Work request. Verbatim copy, images omitted: return the full listing.

Information supplied.
• • • •
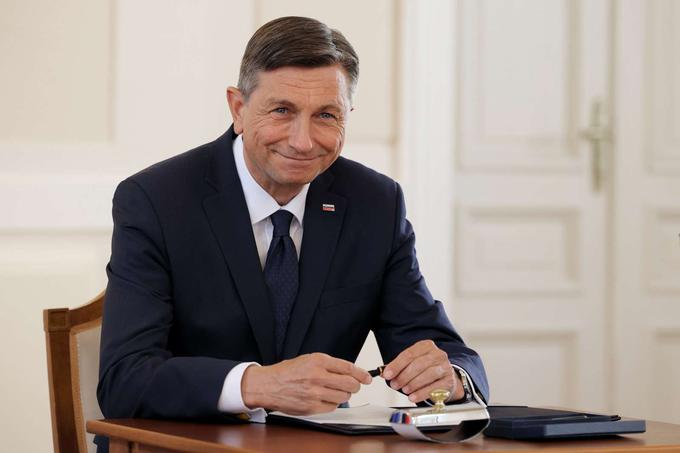 Plača predsednika Republike Slovenije Boruta Pahorja je januarja znašala 5.419,54 avra bruto. Pahor, ki mu letos poteče drugi mandat in ne more ponovno kandidirati, ne bo upravičen do posebnega dodatka, kot ga dobiva nekdanji predsednik države Milan Kučan. | Foto: STA ,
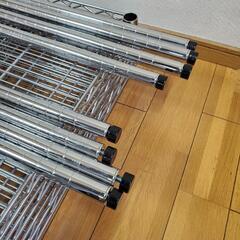 ワイヤーラック　67X36X120 【2台セット】ユニットシェル...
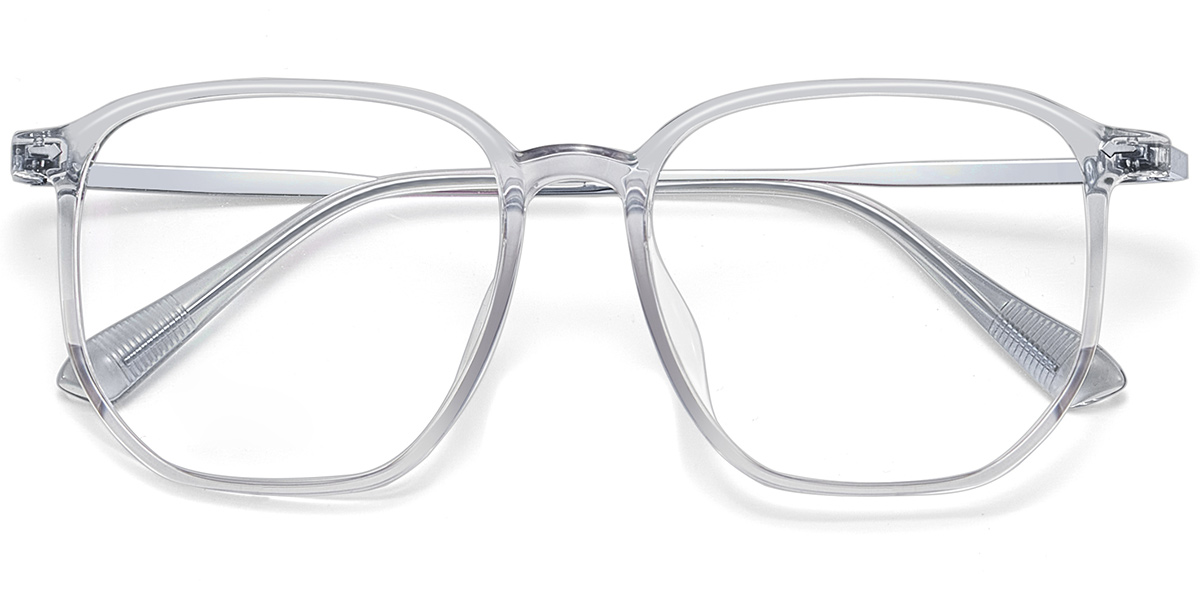 Acetate & Titanium Square Frame F9999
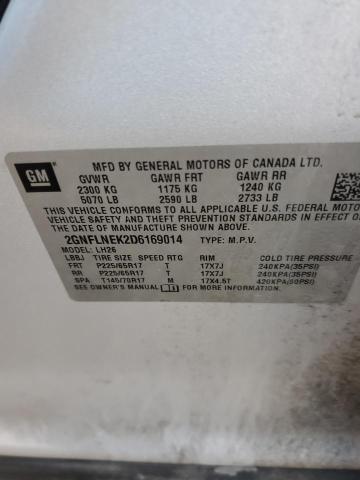 Photo 10 from auction – 2013 CHEVROLET EQUINOX LT with VIN 2GNFLNEK2D6169014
• • • •
Answer to this exercise.
 Plača predsednika Republike Slovenije Boruta Pahorja je januarja znašala 5.419,54 avra bruto. Pahor, ki mu letos poteče drugi mandat in ne more ponovno kandidirati, ne bo upravičen do posebnega dodatka, kot ga dobiva nekdanji predsednik države Milan Kučan. | Foto: STA ,
 ワイヤーラック　67X36X120 【2台セット】ユニットシェル...
 Acetate & Titanium Square Frame F9999
 Photo 10 from auction – 2013 CHEVROLET EQUINOX LT with VIN 2GNFLNEK2D6169014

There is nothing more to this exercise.